Official Pytorch Implementation for “DINO-Tracker: Taming DINO for Self-Supervised Point Tracking in a Single Video”
MIT License
361 stars 39 forks source link

How to train dino-tracker on customized videos? #6

Closed willipwk closed 3 months ago

willipwk commented 4 months ago

Thanks for your great work!

I'm trying to train dino-tracker on my customized video. The original resolution is $640\times 480$. I also modified the video_resh and video_resw in config files. The input file looks like this:

00000 00000

But the output looks weird.

https://github.com/AssafSinger94/dino-tracker/assets/58909139/991cfed1-3a15-44bd-b95b-10713b143c68

Then I guess maybe the resolution should be divisible by 14 since DINO will create $14\times 14$ image patches. So I slightly cut and zero pad the original input into $644\times 476$ and modify the config file. But the output is not correct either. The dots do not match the shape of the tie exactly.
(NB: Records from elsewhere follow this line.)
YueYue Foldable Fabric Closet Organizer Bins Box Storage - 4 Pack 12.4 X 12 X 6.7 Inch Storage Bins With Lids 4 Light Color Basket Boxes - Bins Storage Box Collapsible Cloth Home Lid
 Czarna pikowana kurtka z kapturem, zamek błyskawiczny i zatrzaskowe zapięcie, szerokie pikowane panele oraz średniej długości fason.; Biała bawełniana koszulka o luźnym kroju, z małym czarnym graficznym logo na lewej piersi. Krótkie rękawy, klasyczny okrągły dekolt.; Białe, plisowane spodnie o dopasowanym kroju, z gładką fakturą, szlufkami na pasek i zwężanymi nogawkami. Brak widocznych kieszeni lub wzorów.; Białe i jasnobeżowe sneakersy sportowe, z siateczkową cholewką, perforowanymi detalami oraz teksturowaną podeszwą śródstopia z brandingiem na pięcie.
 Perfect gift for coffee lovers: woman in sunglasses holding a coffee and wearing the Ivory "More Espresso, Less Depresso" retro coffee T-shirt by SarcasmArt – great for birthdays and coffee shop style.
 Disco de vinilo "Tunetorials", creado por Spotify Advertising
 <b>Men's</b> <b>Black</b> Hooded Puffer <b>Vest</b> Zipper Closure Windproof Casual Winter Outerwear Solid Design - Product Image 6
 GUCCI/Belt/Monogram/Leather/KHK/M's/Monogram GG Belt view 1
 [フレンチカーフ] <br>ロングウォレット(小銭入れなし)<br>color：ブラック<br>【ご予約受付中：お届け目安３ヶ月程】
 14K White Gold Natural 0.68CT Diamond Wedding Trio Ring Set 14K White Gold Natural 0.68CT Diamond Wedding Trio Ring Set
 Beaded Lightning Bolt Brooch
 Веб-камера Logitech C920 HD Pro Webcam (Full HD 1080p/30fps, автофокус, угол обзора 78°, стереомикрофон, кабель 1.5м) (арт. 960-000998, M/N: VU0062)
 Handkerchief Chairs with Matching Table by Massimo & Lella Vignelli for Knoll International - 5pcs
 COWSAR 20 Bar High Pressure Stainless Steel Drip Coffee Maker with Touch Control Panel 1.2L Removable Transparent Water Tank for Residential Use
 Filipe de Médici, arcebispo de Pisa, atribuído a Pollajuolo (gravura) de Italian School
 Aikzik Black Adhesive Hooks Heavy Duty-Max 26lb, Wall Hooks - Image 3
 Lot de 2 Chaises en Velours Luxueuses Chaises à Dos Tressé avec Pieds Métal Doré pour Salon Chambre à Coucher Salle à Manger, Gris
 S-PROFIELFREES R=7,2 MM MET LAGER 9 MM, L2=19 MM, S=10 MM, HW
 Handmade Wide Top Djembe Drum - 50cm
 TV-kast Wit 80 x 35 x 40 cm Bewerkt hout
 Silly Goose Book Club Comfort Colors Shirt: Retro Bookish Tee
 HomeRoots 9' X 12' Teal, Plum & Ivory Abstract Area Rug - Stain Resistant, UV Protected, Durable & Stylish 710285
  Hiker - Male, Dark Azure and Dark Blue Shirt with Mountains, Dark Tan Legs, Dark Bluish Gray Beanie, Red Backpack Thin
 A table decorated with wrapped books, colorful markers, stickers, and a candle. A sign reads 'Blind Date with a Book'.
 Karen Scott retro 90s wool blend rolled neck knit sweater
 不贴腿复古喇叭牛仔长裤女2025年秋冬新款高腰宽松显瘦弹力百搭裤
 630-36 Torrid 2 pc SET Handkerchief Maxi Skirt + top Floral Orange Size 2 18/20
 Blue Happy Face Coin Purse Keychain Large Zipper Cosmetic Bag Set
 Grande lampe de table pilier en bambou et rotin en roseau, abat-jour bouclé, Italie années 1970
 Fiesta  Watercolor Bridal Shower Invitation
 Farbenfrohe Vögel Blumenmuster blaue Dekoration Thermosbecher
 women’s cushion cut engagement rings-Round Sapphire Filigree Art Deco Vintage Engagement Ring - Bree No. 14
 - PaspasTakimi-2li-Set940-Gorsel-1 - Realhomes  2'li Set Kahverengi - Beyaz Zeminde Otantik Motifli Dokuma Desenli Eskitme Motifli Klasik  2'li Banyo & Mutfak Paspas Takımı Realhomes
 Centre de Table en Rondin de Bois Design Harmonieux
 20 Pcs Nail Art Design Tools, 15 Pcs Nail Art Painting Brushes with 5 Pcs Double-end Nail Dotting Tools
https://github.com/AssafSinger94/dino-tracker/assets/58909139/571a71ff-407d-492b-973c-208e126e978a

Finally I check the input resolution of the horsejump example. The resolution is $854\times 480$. So again I cut and zero pad the original images into this size and finally get the correct result.

https://github.com/AssafSinger94/dino-tracker/assets/58909139/0569fba0-eb1a-4502-a362-7e723399920b

So I wonder how to train dino-tracker on videos with resolution other than $854\times 480$? Or does the current implementation only support this input resolution?

tnarek commented 4 months ago

hi @willipwk, thanks for your question. The way it is currently implemented, DINO-Tracker can be trained on a video of any resolution, but the video is being resized to the standard 854x480 resolution.

AtaAtasoy commented 4 months ago

Hi, I also had a similar problem when training with custom video resolutions and the visualization looked off. Then I realized that I had to modify these lines in visualize_rainbow.py

parser.add_argument("--infer-res-size", type=int, nargs=2, default=(476, 854), help="Inference resolution size, (h, w). --NOTE-- change according to values in train.yaml.")

parser.add_argument("--of-res-size", type=int, nargs=2, default=(476, 854), help="Optical flow resolution size, (h, w). --NOTE-- change according to values in preprocess.yaml.")

I know this is a bit too trivial (laughed at myself when I realized this 😄 ) but could this be your problem?

willipwk commented 4 months ago

Hi, I also had a similar problem when training with custom video resolutions and the visualization looked off. Then I realized that I had to modify these lines in visualize_rainbow.py

parser.add_argument("--infer-res-size", type=int, nargs=2, default=(476, 854), help="Inference resolution size, (h, w). --NOTE-- change according to values in train.yaml.")

parser.add_argument("--of-res-size", type=int, nargs=2, default=(476, 854), help="Optical flow resolution size, (h, w). --NOTE-- change according to values in preprocess.yaml.")

I know this is a bit too trivial (laughed at myself when I realized this 😄 ) but could this be your problem?

Ohhhhhh I get it. Indeed after I specify these two arguments in my case, the output looks very nice. Thanks for both of your comments @AtaAtasoy, @tnarek .

tnarek commented 3 months ago

thanks @AtaAtasoy for your input! I'm closing this issue now.